By Jurjen van de Pol

Nov. 5 (Bloomberg) -- European retail sales fell for a 16th month in September, declining more than economists estimated as consumers curbed spending amid rising unemployment.

Store revenue in the 16-nation euro region dropped 3.6 percent from a year earlier after falling a revised 2.3 percent in August, the European Union’s statistics office in Luxembourg said today. Economists had predicted a drop of 2.4 percent, according to the median of 14 forecasts in a Bloomberg survey. From the prior month, September sales fell 0.7 percent, the biggest drop since October 2008.

“In Europe, you shouldn’t bet on consumption to help the recovery of the economy,” said Martin van Vliet, an economist at ING Groep NV in Amsterdam. “Although European unemployment hasn’t increased much compared to the U.S., the fear of what’s ahead is hurting retail sales.”

Households may continue to hold back on shopping even as the euro region emerges from the worst recession since World War II. Companies across Europe are still eliminating jobs and lowering prices to deal with falling demand. Metro AG, Germany’s largest retailer, this week reported a 61 percent plunge in quarterly profit and said it sees no improvement in conditions for the rest of the year.

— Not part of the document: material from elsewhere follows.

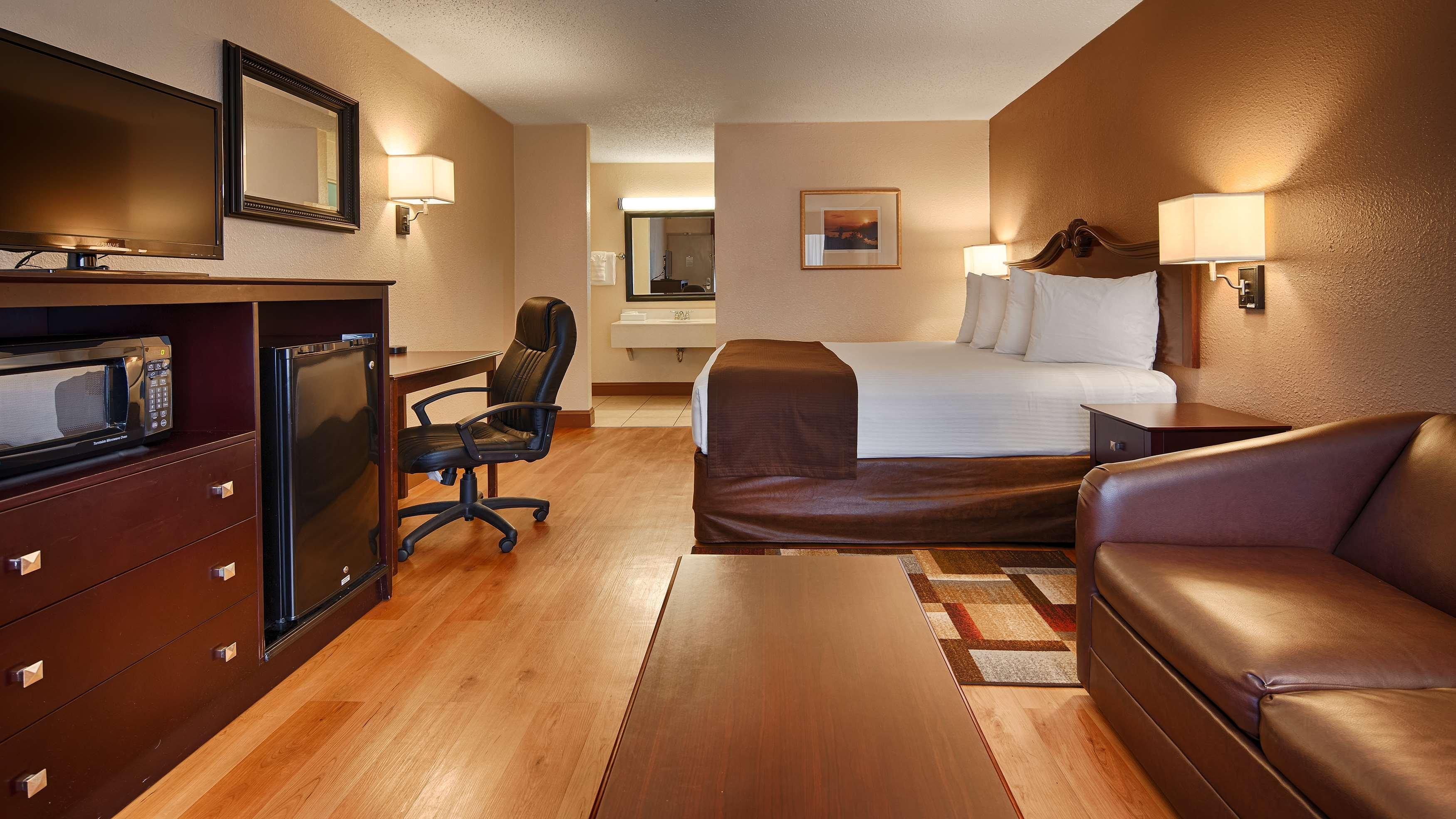 Best Western Greenville Airport Exterior photo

Euro-area unemployment rose to 9.7 percent in September, the highest in more than a decade. The European Commission forecast two days ago that the jobless rate will reach 10.9 percent in 2011, which would be the most since at least 1995.

Savings Rate

Consumers in Europe have boosted their savings while curtailing investment to weather the recession. The household savings rate in the euro area increased to 16.5 percent in the second quarter from 16 percent in the previous three months, the statistics office said in a report last week. That was the highest rate since the data were first collated in 1999.

Dusseldorf-based Metro said on Nov. 3 that retail sales in Germany, the source of about 40 percent of the company’s revenue, fell for a second month in September after companies shortened working hours, leaving consumers with less to spend. Unemployment in Germany, Europe’s largest economy, held steady at 7.6 percent in September.

European Central Bank President Jean-Claude Trichet said last month that the economy will strengthen “at a gradual pace.” The Frankfurt-based ECB probably will keep its key interest rate at 1 percent at its meeting today, according to the median estimate in a Bloomberg survey of economists.

While retail sales continue to contract, evidence is mounting that the economy is pulling out of the slump. Europe’s services and manufacturing industries expanded for a third month in October, a composite index published by London-based Markit Economics showed. The European Commission on Nov. 3 raised its 2010 forecast to show 0.7 percent growth compared with an earlier estimated contraction of 0.1 percent.

Hawesko Holding AG, Germany’s biggest wine seller, said on Nov. 2 that third-quarter profit rose almost fourfold as sales increased 7 percent. Tourism operator TUI AG today said its German division saw increased orders for the winter season.